Cover of the Feminist Press edition of Swastika Night
Author Murray Constantine
Country United Kingdom
Language English
Genre Dystopian novel
Publisher Victor Gollancz Ltd
Publication date
1937
Media type Print (Hardback)
Pages 287 pp
ISBN 0-935312-56-0
OCLC 12162019
Dewey Decimal 823/.912 19
LC Class PR6003.U45 S8 1985

Swastika Night is a futuristic novel by Katharine Burdekin, writing under the pseudonym Murray Constantine, first published in 1937. The book was a Left Book Club selection in 1940.

The novel is inspired by Adolf Hitler's claim that Nazism would create a "Thousand Year Reich".

The novel was forgotten for many years, until it was republished in the 1980s. [1]

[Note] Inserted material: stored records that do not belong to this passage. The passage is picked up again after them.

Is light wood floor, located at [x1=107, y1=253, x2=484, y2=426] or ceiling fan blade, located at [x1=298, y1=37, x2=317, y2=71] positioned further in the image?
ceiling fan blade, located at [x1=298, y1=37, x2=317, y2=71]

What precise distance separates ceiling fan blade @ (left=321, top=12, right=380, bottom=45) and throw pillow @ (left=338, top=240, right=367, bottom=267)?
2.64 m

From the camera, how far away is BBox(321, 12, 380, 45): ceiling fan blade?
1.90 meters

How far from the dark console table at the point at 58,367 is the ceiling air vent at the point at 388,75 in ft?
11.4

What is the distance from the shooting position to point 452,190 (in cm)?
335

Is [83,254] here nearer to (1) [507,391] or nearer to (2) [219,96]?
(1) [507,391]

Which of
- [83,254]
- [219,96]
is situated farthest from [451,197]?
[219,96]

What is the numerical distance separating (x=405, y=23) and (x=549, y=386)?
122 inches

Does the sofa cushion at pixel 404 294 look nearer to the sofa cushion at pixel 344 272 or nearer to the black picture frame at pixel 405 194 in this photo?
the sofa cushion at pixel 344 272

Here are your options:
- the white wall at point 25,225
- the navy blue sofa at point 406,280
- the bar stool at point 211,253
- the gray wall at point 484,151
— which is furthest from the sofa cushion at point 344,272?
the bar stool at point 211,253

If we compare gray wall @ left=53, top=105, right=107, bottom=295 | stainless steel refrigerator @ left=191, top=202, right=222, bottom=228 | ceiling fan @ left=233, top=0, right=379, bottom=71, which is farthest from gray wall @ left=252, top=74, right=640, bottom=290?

Literary historian Andy Croft has described it as "the most original of all the many anti-fascist dystopias of the late 1930s".[2]

Plot summary

The novel takes place seven hundred years after Nazism achieved power, by which time Adolf Hitler is worshipped as a god. Though no major character is a woman, the story concentrates on the oppression of women, portraying the Nazis as homosexual misogynists. Christians are marginalized, Jews eliminated, and women disenfranchised — deprived of all rights.

Germany and Japan won the "Twenty Years War" (analogous to World War II), the time it took the Nazis to subdue the Soviet Union. The protagonist is an Englishman named Alfred on a German pilgrimage. In Europe, the English are loathed because they were the last opponents of Nazi Germany in the war. The story correctly postulates the air power's importance in war. One of the religious sites Alfred was to visit was the "Sacred Airplane", which, according to long-established dogma, Hitler piloted on a mission to Moscow, thus achieving victory.

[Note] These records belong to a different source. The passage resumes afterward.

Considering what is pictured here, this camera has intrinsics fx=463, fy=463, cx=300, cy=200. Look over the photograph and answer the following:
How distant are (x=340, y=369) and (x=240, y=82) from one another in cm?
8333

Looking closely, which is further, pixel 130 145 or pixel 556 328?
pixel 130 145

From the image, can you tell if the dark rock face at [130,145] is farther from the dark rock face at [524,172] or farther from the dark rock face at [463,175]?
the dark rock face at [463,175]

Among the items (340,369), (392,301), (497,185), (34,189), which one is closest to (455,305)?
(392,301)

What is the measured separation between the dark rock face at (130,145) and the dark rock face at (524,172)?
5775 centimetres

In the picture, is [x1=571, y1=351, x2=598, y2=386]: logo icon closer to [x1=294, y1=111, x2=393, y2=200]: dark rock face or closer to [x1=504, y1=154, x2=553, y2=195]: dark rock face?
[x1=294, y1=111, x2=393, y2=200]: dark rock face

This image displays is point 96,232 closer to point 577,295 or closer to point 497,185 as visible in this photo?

The drastic rewriting of history, after living memory of Hitler, or the time when meaningful resistance to Germany existed, is the logical extension of Burdekin's contemporary view of Nazi Germany. Per official history, Hitler is a tall, blond god who personally won the war. Alfred is astounded when shown a secret, historic photograph depicting Hitler and a girl before a crowd. First, he is shocked that Hitler is a small man with dark hair and a paunch. The crowd seem more interested in the girl; this does not fit the worldview of Hitler as god. The photograph's most shocking betrayal of myth is the girl's appearance. Alfred believed her to be a boy — the attractive figure has a proud posture and long, blond hair — and is appreciated by the crowd. Women have developed self-loathing, becoming pathetic beings who have difficulty performing their sole, utilitarian function: reproduction.

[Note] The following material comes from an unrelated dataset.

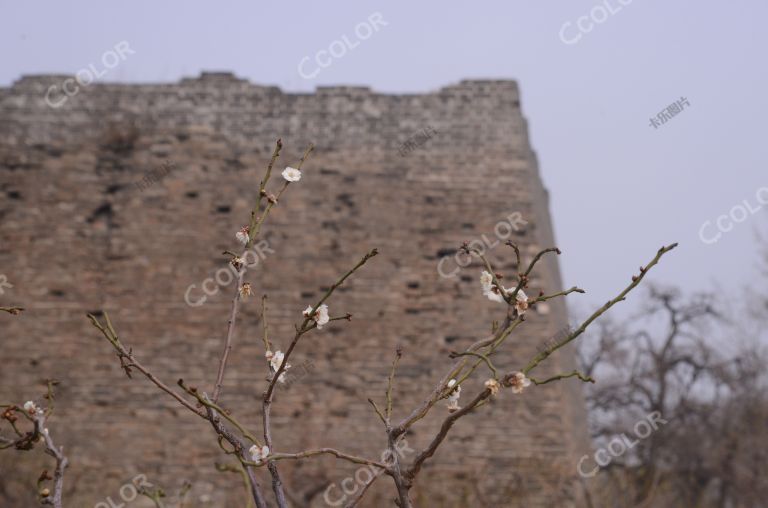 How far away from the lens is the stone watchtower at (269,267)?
841cm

Elsewhere, the Japanese rule the Americas, Australia, and Asia, to the borders of European Russia and Persia. Though Japan is the only rival superpower to the Nazi West, their inevitable wars always end in stalemate. The fascist Germans and Japanese suffer much difficulty in maintaining their populations, because of the physical degeneration of their women. In the novel's conclusion, the SS murder Alfred, yet he passes the truth about Nazi history to his surviving son.

Reception

John Clute described Swastika Night as a "a scathing feminist anatomy of war, sexism and power" and lists the novel as one of the ""classic titles" of inter-war science fiction. [1] Adam Roberts stated "Burdekin's pre-war story reads as horribly prescient and its feminist emphasis...provides a very valid critique of fascism". [3]

Bibliography

  • Katherine Burdekin: Swastika Night: Old Westbury: Feminist Press: 1985: ISBN 0-935312-56-0

See also

References

  1. 1.0 1.1 Clute, John (1995). Science Fiction: The Illustrated Encyclopedia. Dorling Kindersley. pp. 121, 215. ISBN 0751302023. 
  2. Hopkins, Chris (2006). English Fiction in the 1930s: Language, Genre, History. London: Continuum International Publishing Group. p. 138. ISBN 0826489389. 
  3. Roberts, Adam. The History of Science Fiction. Palgrave Macmillian. ISBN 0333970225 (p.171).

Further reading

  • Bleiler, Everett (1948). The Checklist of Fantastic Literature. Chicago: Shasta Publishers. p. 83.